[Data provided — start]
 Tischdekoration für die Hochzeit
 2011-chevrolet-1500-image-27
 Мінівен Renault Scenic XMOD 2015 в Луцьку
[Data provided — finish]
Work required:
The material above needs to be reproduced exactly as written.

Task solution:
 Tischdekoration für die Hochzeit
 2011-chevrolet-1500-image-27
 Мінівен Renault Scenic XMOD 2015 в Луцьку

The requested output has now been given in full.